Lake Travis opens district play with rebuilding San Marcos

Lake Travis will open District 26-6A play Friday night looking to do something it’s never done before: defeat San Marcos.

The teams spent the 2000 and 2001 seasons as district rivals, and San Marcos handled Lake Travis two of its most lopsided losses over that span. The Rattlers won the 2000 game 48-0 over what would become Lake Travis’ first playoff team and won 48-7 the following year. San Marcos reached the 4A Area playoffs in each season.
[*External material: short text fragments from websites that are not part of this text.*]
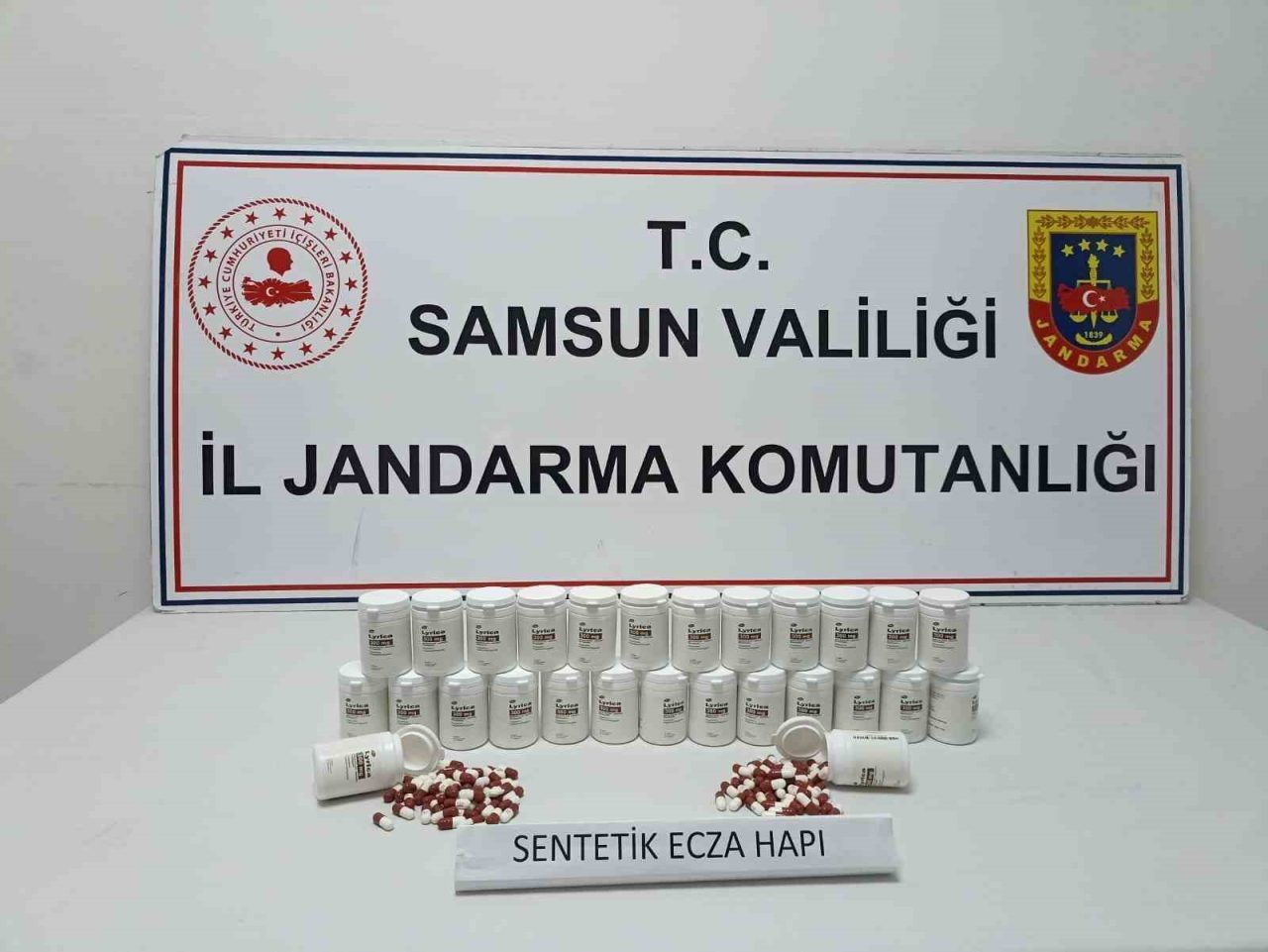 Samsun Atakum'da jandarma ekiplerince düzenlenen uyuşturucu operasyonunda E.İ. (24) ve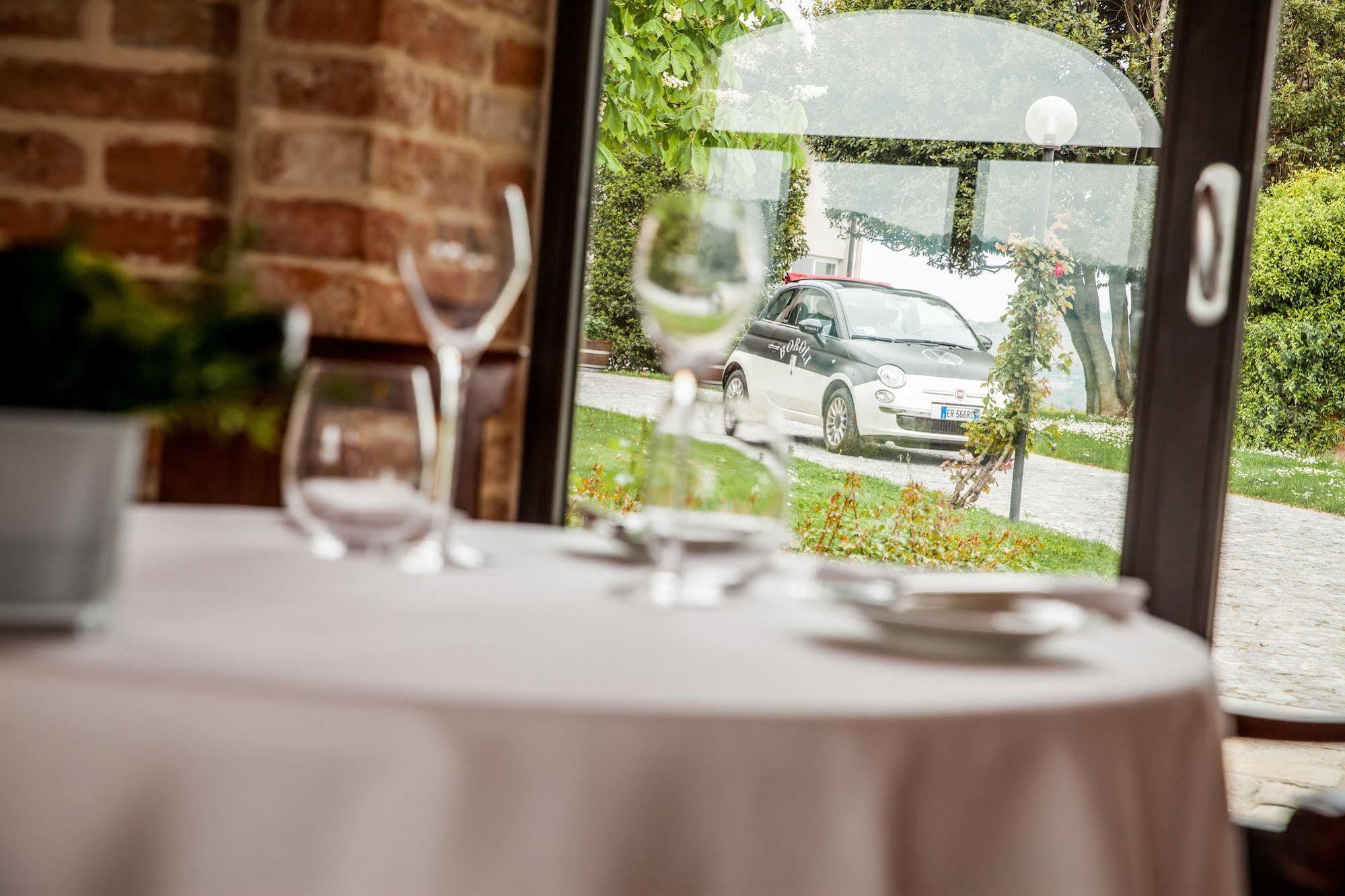 Locanda Del Pilone Alba  Dış mekan fotoğraf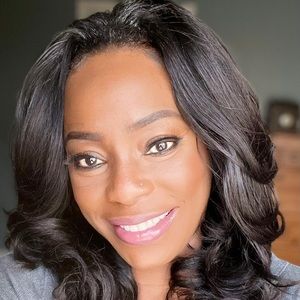 Meet your Posher, Sheron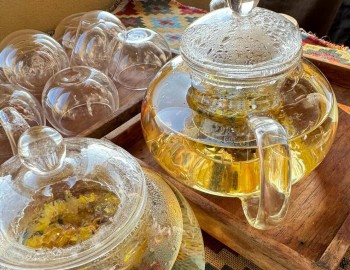 Tea Bomb: quando il tè diventa scenografico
But this isn’t the early 2000s.

Lake Travis (1-0) welcomes a San Marcos team coming off consecutive 1-9 seasons. New coach John Walsh won two state championships during his stay at Denton Guyer and comes to San Marcos after taking his final Guyer team to the 6A, Division 2 title game [a 24-0 loss to Westlake]. Walsh is no stranger to success, but it may take time to get the Rattlers turned around. San Marcos (1-1) did taste victory last week, nipping Lockhart when Kannon Webb caught Isaiah DeLeon’s Hail Mary pass.

The Rattlers are still developing in Walsh’s image, but last week’s win gave the team a shot in the arm. They’ll use that confidence – and the running of Kanui Guidry (225 yards per game) – to give Lake Travis their best shot.

“They have some skill players that do some good things, and I’m impressed with their running back,” Lake Travis coach Hank Carter said. “He can make things happen when it doesn’t look like there’s a whole lot there for him.”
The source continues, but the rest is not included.